RECORDED INFORMATION:
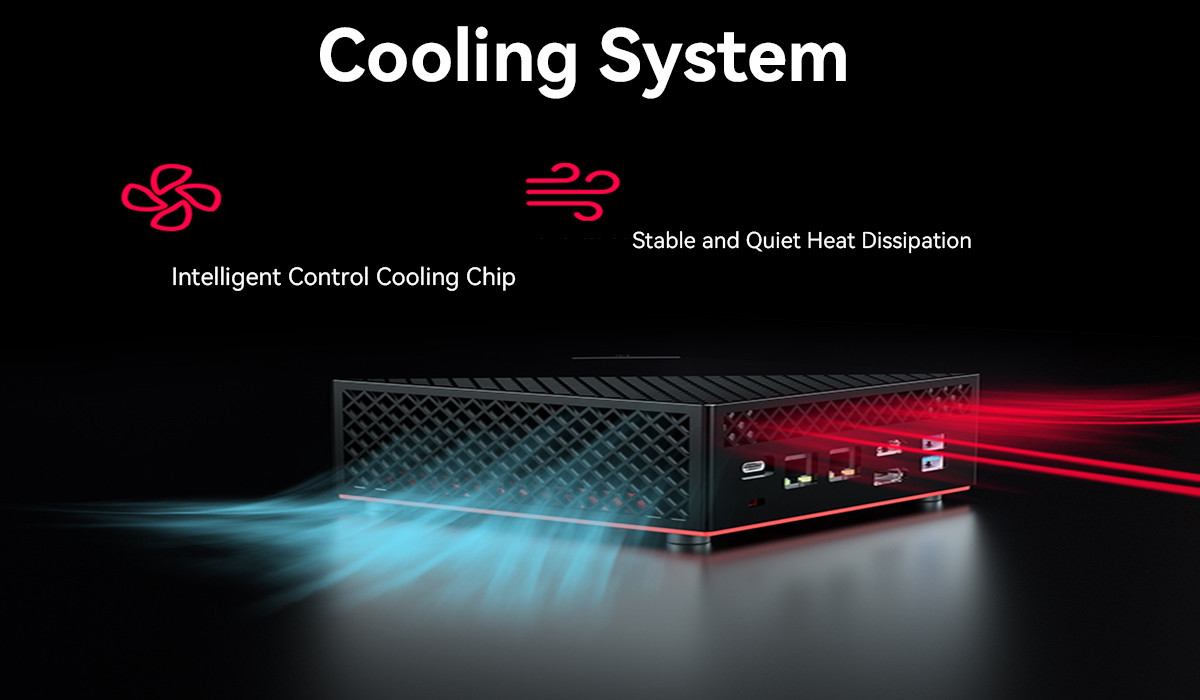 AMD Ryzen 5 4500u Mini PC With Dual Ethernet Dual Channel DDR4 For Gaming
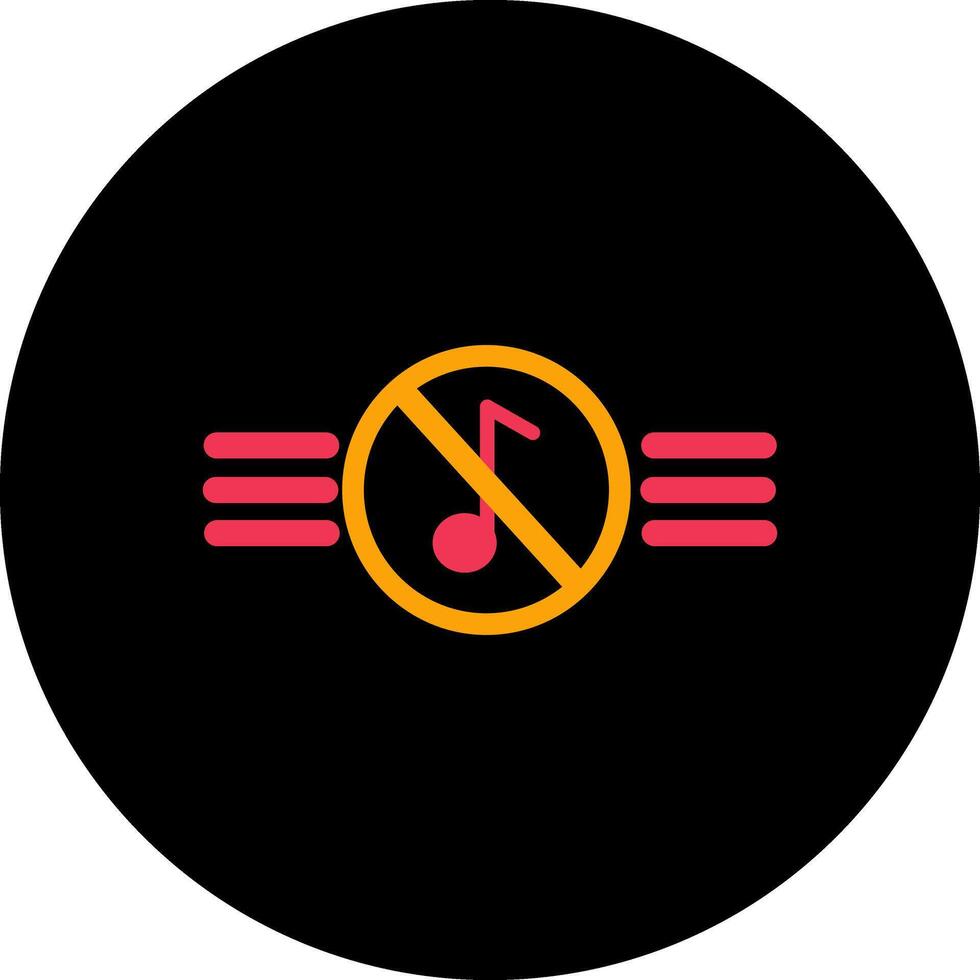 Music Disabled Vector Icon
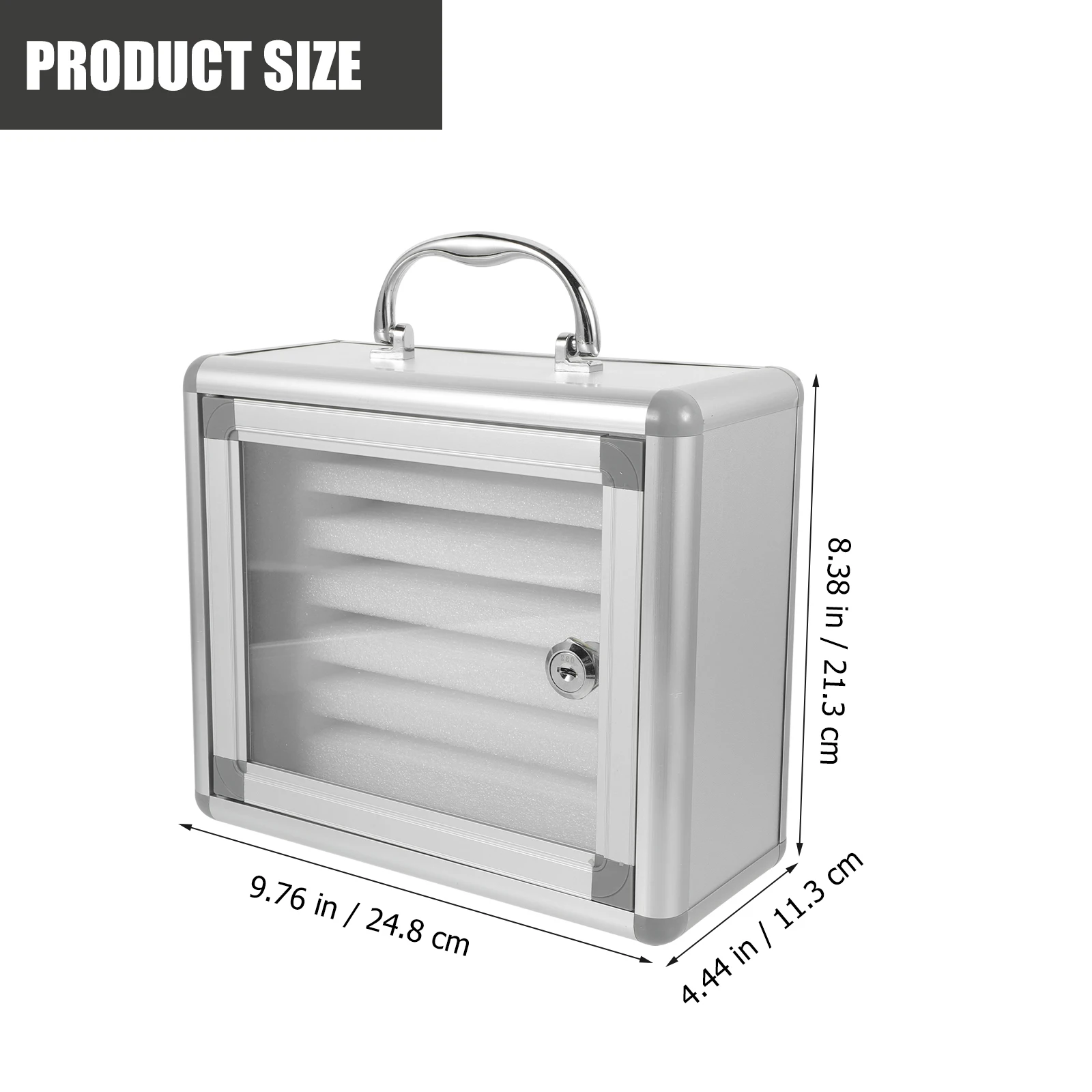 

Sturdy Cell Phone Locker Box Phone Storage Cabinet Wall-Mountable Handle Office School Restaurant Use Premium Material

==

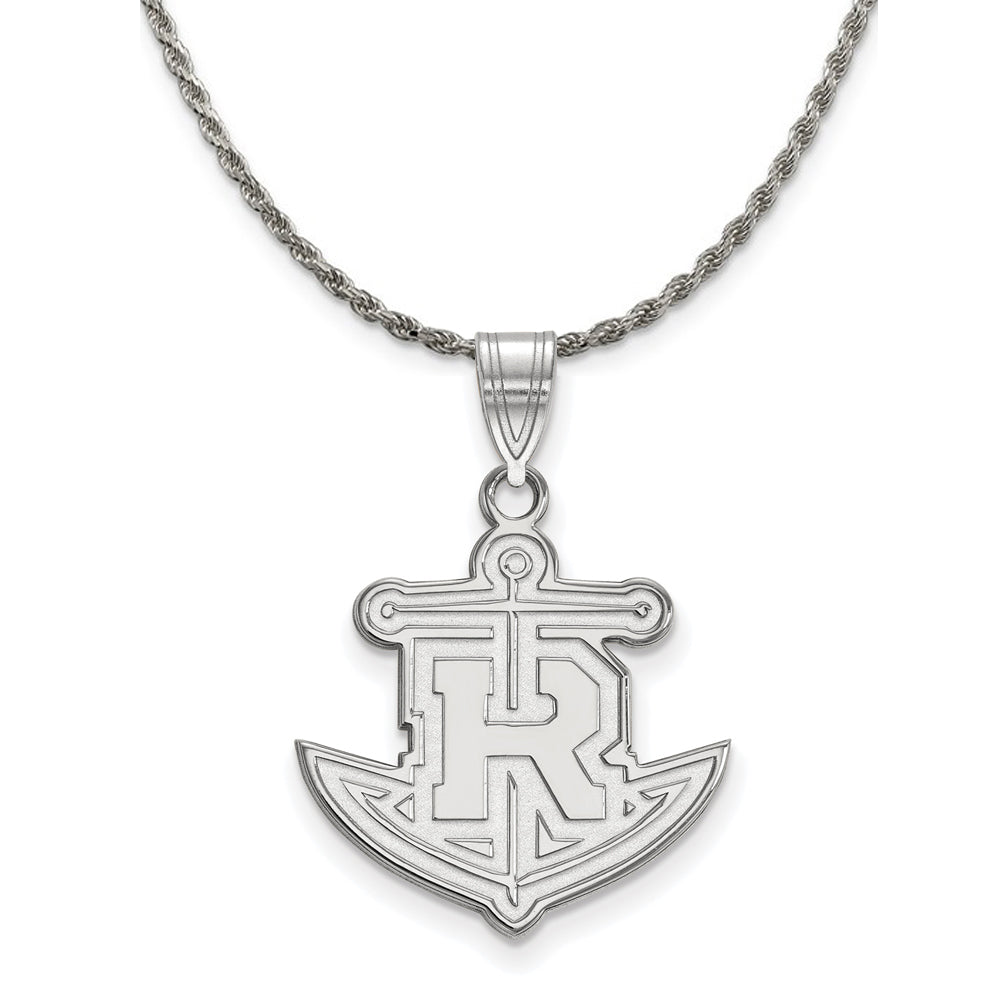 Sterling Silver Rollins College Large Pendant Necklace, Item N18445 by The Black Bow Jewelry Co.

==

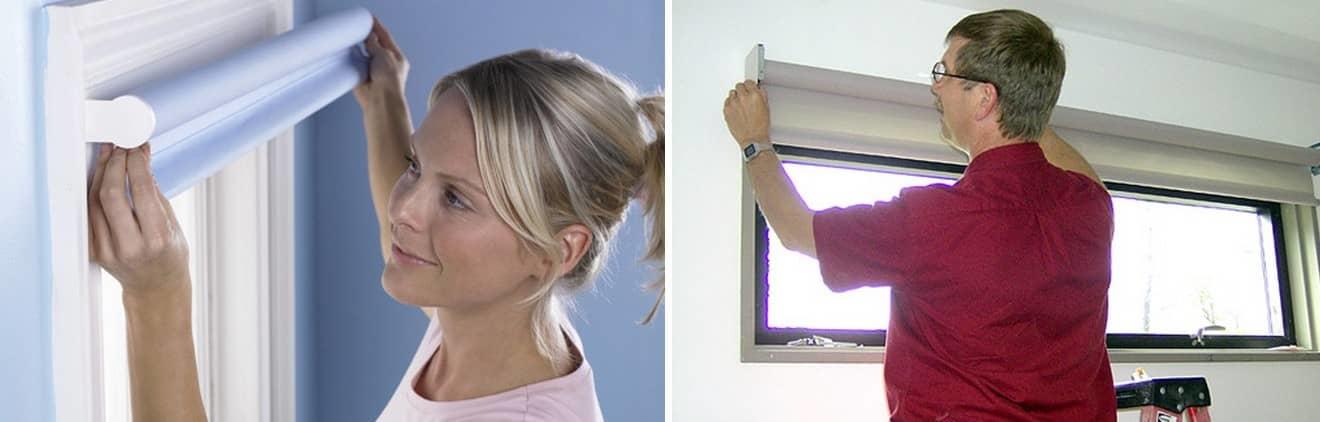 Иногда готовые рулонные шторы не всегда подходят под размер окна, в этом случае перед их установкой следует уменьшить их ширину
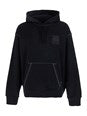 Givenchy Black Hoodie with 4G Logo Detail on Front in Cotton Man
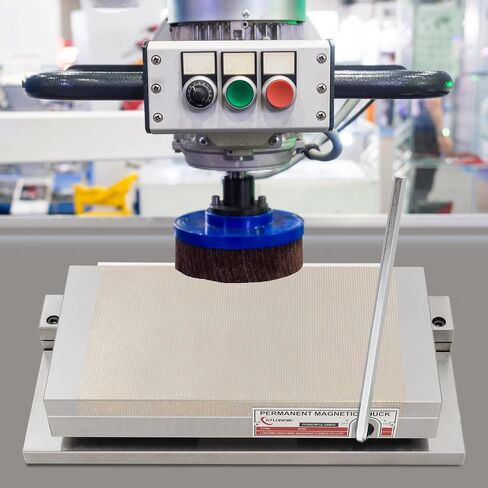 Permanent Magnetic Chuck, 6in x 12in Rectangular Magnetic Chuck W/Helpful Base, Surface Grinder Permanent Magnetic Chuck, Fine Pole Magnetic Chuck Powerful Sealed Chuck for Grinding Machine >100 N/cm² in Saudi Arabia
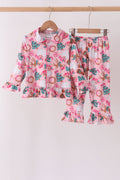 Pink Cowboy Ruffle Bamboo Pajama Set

PROMPT: Give again, exactly as written above, every line from the one holding "AMD Ryzen 5" to the one holding "Sturdy Cell Phone", with both ends kept and the pictures left out.

RESPONSE:
 AMD Ryzen 5 4500u Mini PC With Dual Ethernet Dual Channel DDR4 For Gaming
 Music Disabled Vector Icon

Sturdy Cell Phone Locker Box Phone Storage Cabinet Wall-Mountable Handle Office School Restaurant Use Premium Material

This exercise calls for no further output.